Title: Oil and Policy in the Arabic Gulf. (1989-1997)

Fahad M Alsultan

Abstract


Security and stability in the Arabic Gulf region are essential for the whole world. Purely, because two thirds of world crude oil reserves are located in the region. Saudi Arabia and Iran are the biggest and the most influential countries in the region. Currently, Saudi Arabia, the World largest oil producer, supplies the world with approximately 15% of its oil needs and its share in world supply is increasing. Therefore, it is the main OPEC member. Iran is one of OPEC key members and one of the world main oil and gas producer. Hence, it is critical to investigate how OPEC affect the two countries relations and ultimately affect the Arabic Gulf policy at large.

Regional Competition, Ideology, Iran Nuclear Program, Terrorism and OPEC (Oil) are among the key factors that affect the Arabic Gulf policy and the two countries relations. This paper is to study why and how oil has affected the two countries bilateral relations and eventually had an impact on the Gulf Policy.
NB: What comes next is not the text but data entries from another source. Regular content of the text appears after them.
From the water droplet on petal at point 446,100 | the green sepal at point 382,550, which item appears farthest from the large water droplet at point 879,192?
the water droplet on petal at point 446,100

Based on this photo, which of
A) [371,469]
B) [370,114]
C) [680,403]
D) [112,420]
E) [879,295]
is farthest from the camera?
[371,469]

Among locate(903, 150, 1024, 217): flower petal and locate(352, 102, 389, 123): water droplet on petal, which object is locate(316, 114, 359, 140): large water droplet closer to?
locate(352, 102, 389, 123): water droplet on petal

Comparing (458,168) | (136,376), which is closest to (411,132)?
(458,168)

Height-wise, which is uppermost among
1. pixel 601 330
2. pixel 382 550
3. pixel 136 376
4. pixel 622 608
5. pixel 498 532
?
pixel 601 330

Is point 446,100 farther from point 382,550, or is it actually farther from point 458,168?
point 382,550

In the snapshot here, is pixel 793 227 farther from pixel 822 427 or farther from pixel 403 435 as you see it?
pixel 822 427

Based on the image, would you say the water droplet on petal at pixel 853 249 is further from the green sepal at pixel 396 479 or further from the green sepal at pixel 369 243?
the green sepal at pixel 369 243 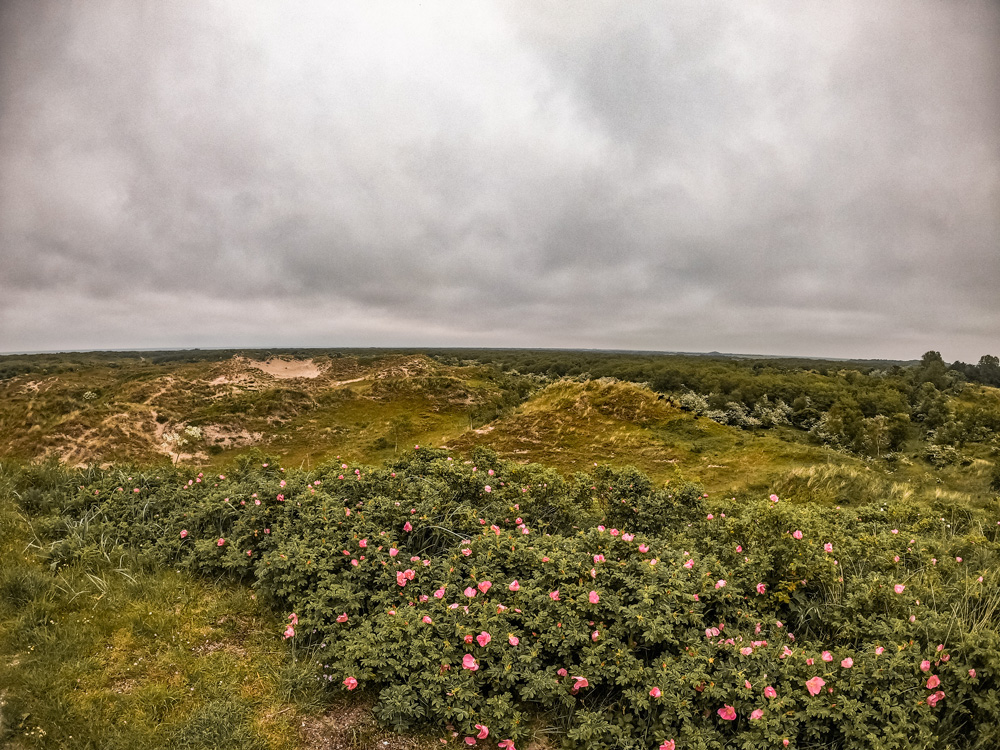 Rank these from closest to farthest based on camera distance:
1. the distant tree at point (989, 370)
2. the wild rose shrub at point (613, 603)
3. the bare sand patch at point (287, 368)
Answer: the wild rose shrub at point (613, 603) < the bare sand patch at point (287, 368) < the distant tree at point (989, 370)

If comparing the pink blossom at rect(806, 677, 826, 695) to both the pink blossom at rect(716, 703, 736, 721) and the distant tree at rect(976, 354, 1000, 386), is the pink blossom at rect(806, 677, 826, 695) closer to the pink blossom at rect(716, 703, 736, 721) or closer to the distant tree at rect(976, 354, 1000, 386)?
the pink blossom at rect(716, 703, 736, 721)

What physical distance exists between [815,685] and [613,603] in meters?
1.18

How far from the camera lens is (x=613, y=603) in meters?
3.29

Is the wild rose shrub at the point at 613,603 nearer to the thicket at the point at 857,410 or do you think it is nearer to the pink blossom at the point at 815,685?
the pink blossom at the point at 815,685

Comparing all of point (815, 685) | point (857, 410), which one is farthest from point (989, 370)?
point (815, 685)

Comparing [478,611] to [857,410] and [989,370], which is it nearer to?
[857,410]

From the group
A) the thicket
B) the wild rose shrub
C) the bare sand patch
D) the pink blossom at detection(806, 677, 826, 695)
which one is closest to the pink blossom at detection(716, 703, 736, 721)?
the wild rose shrub

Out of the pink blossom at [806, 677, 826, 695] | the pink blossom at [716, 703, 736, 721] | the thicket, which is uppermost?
the thicket

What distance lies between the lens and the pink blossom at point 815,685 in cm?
271

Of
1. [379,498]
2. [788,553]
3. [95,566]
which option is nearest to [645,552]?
[788,553]

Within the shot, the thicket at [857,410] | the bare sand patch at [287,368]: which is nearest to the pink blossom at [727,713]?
the thicket at [857,410]

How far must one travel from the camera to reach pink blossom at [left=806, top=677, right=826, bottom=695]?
8.90 ft

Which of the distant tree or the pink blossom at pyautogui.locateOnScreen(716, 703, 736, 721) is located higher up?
the distant tree

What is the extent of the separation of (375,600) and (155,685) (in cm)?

The paper will begin with a quick review of the Gulf region policy and then it will delve into the two countries competition over oil price prior to 1989. It will then highlight the major crises in the 1990s, analysing their impact on oil price and the reaction of Riyadh and Tehran. At the end, the paper could conclude that the oil issue is likely to appear when there is a political disagreement between the main players in the Gulf. However, at a time of accommodation between the two countries, disagreement on oil price is less likely to rise.